I've been playing the Harry Potter games since the PS1 and absolutely love the Zelda inspired games for the system and the RPG's for the GameBoy Color. PS1 Hagrid an all. When the games moved to the PS2 they were better, but never felt as polished and often times felt short. Where I lost interest was the DS game for Goblet of Fire and the Trophy folder games on PS3. I saw my sister play them, but even she just sticks with the early PS1 and 2 games.

So while I've not played them in a while I can say I've seen Hogwarts from when consoles could first render it. To when it could render it well.

I know I've been in the future for a while now. But the little kid inside of me never realized it until I was walking from Hogwarts Castle into Hogsmeade and I looked back upon Hogwarts castle. I was breath taking and beautiful. A sight I'd never thought I would ever see in my life, outside of recreations in theme parks or fan videos.

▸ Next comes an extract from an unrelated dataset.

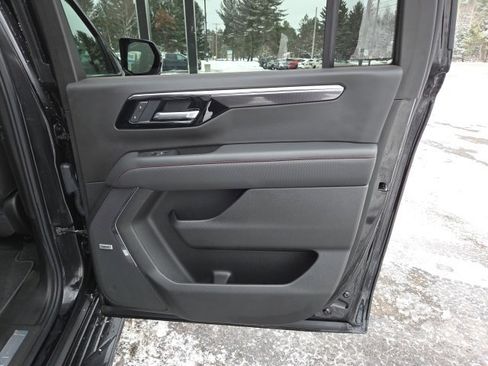 Used 2025 Chevrolet Suburban RST image 57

And I think that's a perfect way to describe this game, it is absolutely beautiful. Details are everywhere and a lot of attention was given to everything you will look at. Whether it's Hogwarts or Hogsmeade, a Dragon Fighting Tent or the Forbidden Forest. The game is a visual feast especially for long time fans of the series.

However to get to that point, you'd need to get through some of the more... unpolished aspects of the game. Combat.

Now combat in Hogwarts Legacy isn't bad, but I wouldn't call it good. Works well enough for the job it's suppose to do. But for the uninitiated, especially if you don't know what a Dark Souls is. It can be a challenge. Combat is effectively color coated spell attacks, dogging and parrying. Combo each and you have a fun system. Problem is, when every game was just mash buttons to win and you have many many non-gamers struggle to get past the tutorial. Myself included (even with my gamer cred). I eventually learned, but the reward wasn't satisfying. More enemies all looking similar with very little in the ways of weaknesses. By the second trial I just turned the difficulty down to easy and left it there for the rest of the game. Honestly it's probably the most fun when you set it to story only mode.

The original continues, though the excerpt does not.